The third package is a development interface report and this is where, when multiple companies are working on a design, there is a list of who is doing what and how they impact on each other.
“There is always some discussion about who should address what and there are some negotiations,” said Stroud. “Often, these were not discussed in the past and they often tripped up as a result. Total clarity is the order of the game here.”
All this of course adds cost. Frese estimates that die size has to grow by a fifth to meet some safety requirements and there is 20-30% more documentation.
Fabris added: “The documentation is a drain on our resources. There is 30-40% increase in overall effort, maybe a little bit more. There is a cost impact on that, but it is not as drastic as you would have thought.”
Above: Representation of development process and where assumptions must be made. Image from Linear Technology
One change that has affected all component makers is that they now have to adhere to a development process that is designed to reduce the number of systematic problems that can cause failure.

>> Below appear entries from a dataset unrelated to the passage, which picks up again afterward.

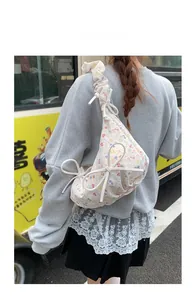 Détail d'un sac à bandoulière plissé à fleurs avec cordon de serrage et nœud doux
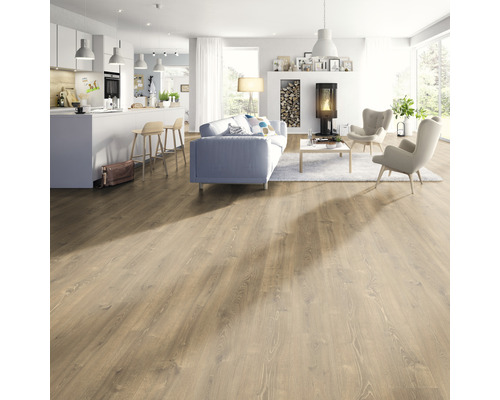Espace de vie lumineux avec plancher en bois, canapé, fauteuils et cheminée.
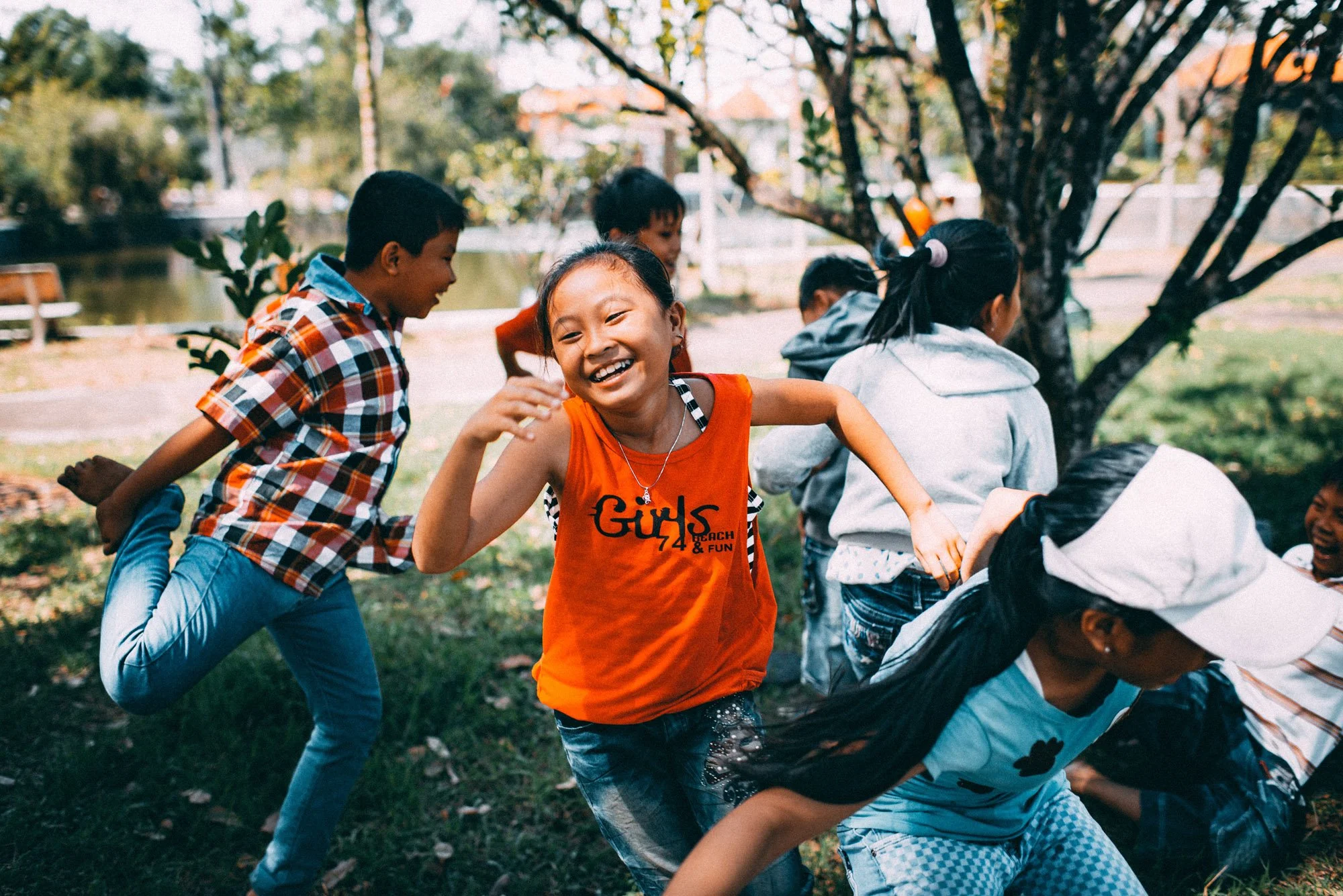 Un grupo de niños jugando al pilla-pilla o a algún juego en grupo al aire libre en un parque durante el otoño, con algunos niños corriendo y sonriendo.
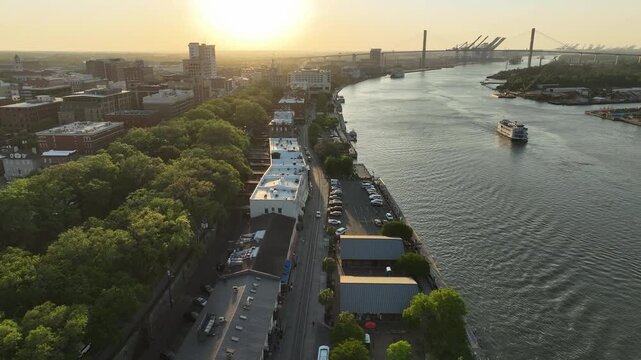 Cinematic drone footage of Savannah's River Street area, with a classic paddlewheel riverboat docked along the historic waterfront and the city's heritage on full display.
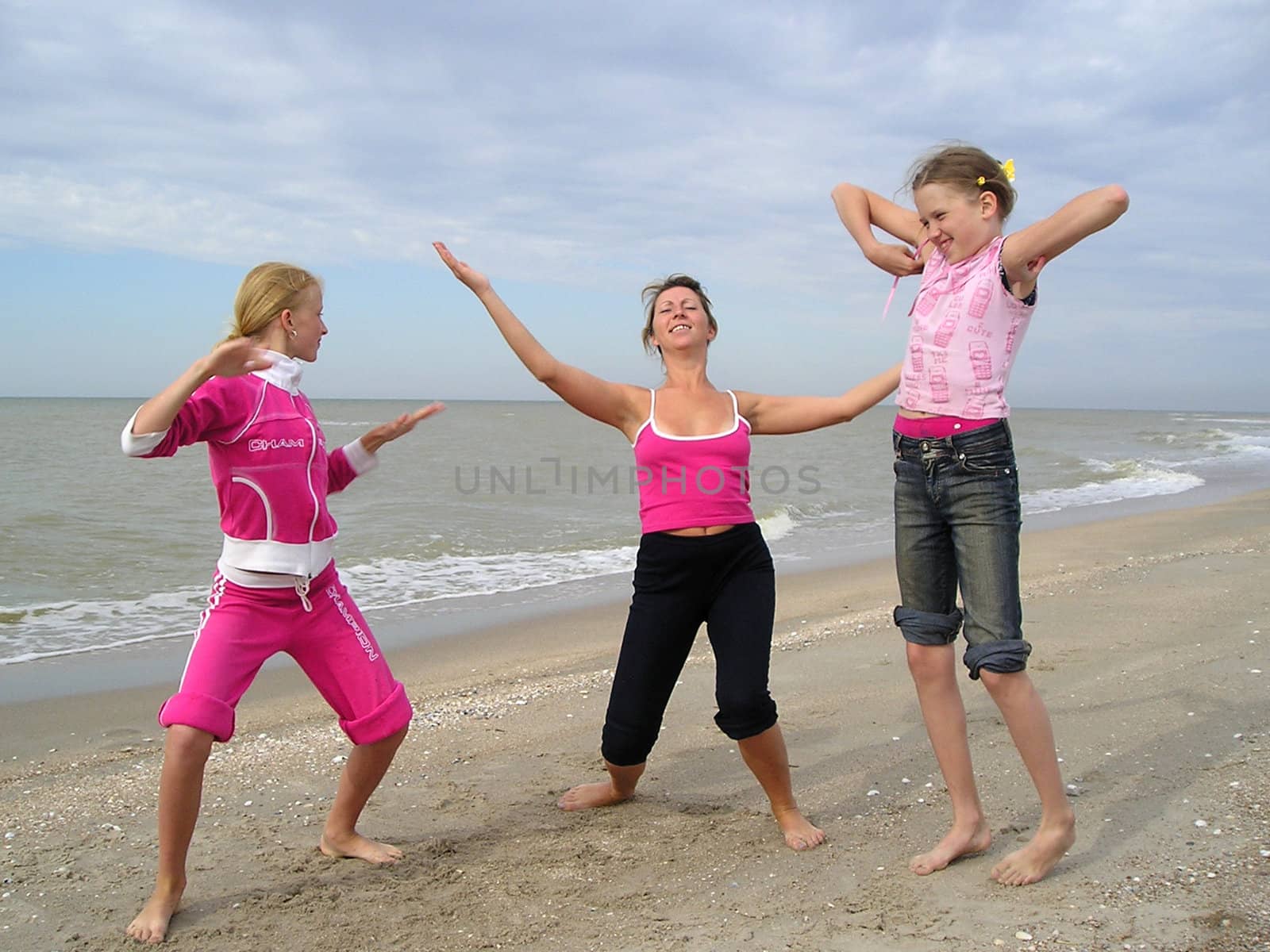 three girls they dance on the shore Azov sea during the summer sunny day. 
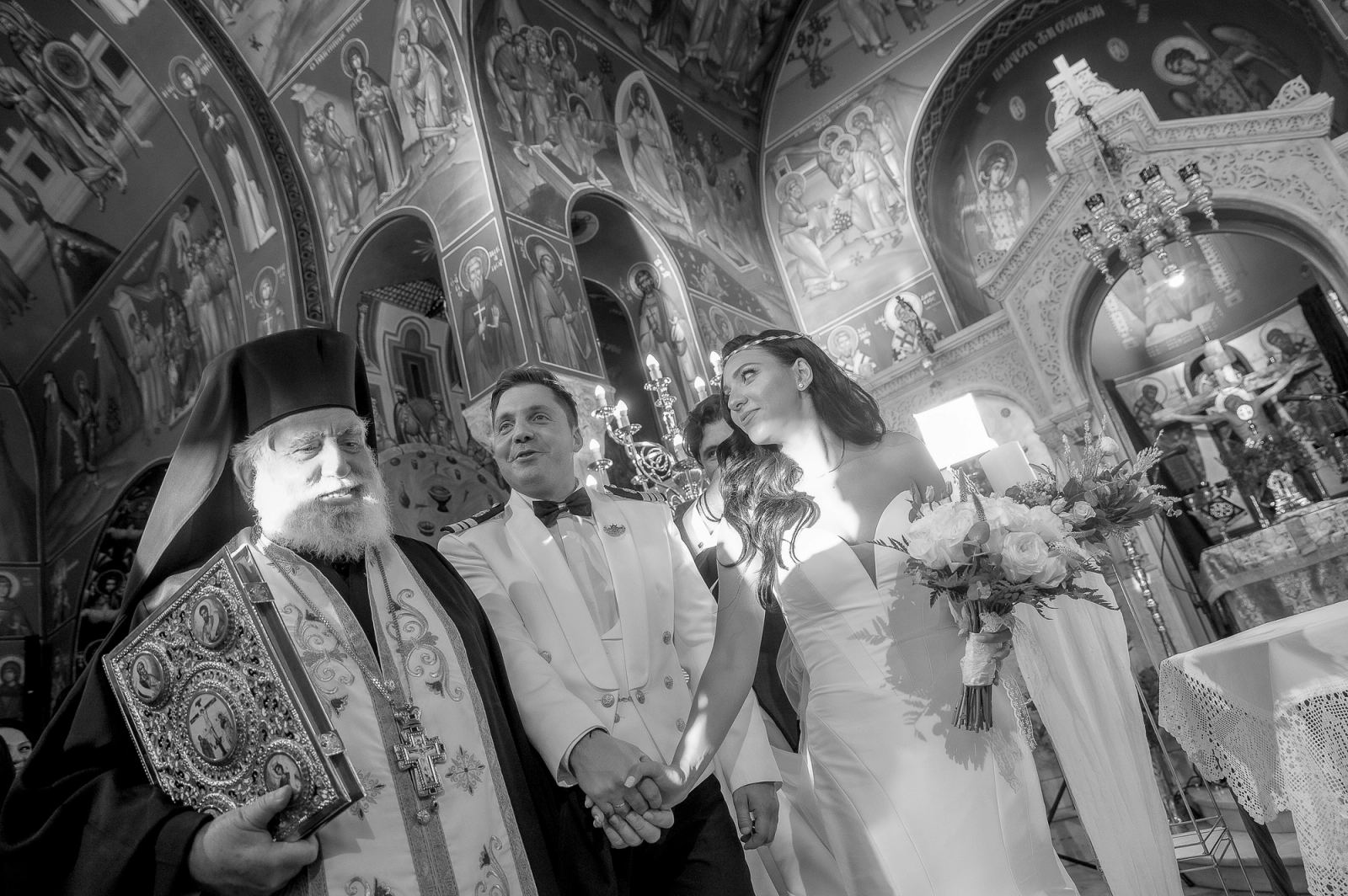 Ασπρόμαυρη λήψη του ιερέα με Ευαγγέλιο δίπλα στη νύφη και τον γαμπρό με λευκή στολή, πιασμένους χέρι χέρι.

“The result is better quality regardless of safety,” said Stroud. “This is something you need to audit and define.”
Frese added: “We had to create an ISO26262 development process that we integrated into our existing development process. We already had a strong process to avoid systematic failures and that is part of ISO26262.”
A full process goes through the whole supply chain and is why the documentation is important as that has to be passed up the supply chain and added to at each stage.
So, for example, an IP developer such as ARM will have certain processes that it needs to follow and document and then pass these up to its silicon partner, who will have more processes to add, and this then gets passed up to a system designer and so on right the way to the final vehicle.
“It is all about having the process in place so we can hand over the safety package with a clear list of what we have done,” said Stroud. “There will be our IP and other IP that go together into a chip design.”
Hoping to help semiconductor companies come to terms with what they have to do with SEooCs is a new section – part 11 – that will appear next year in the second edition of ISO26262.
“This is aimed at semiconductor companies to give them guidelines,” said Fabris. “This is to try to make sure we are all together.”
Stroud said it would, “provide a framework and clarity across many aspects of semiconductor development for functional safety systems.”
These include topics such as base failure rate estimation, dependent failure analysis, fault injection and intellectual property.
“We see part 11 as a positive addition to the standard,” said Stroud.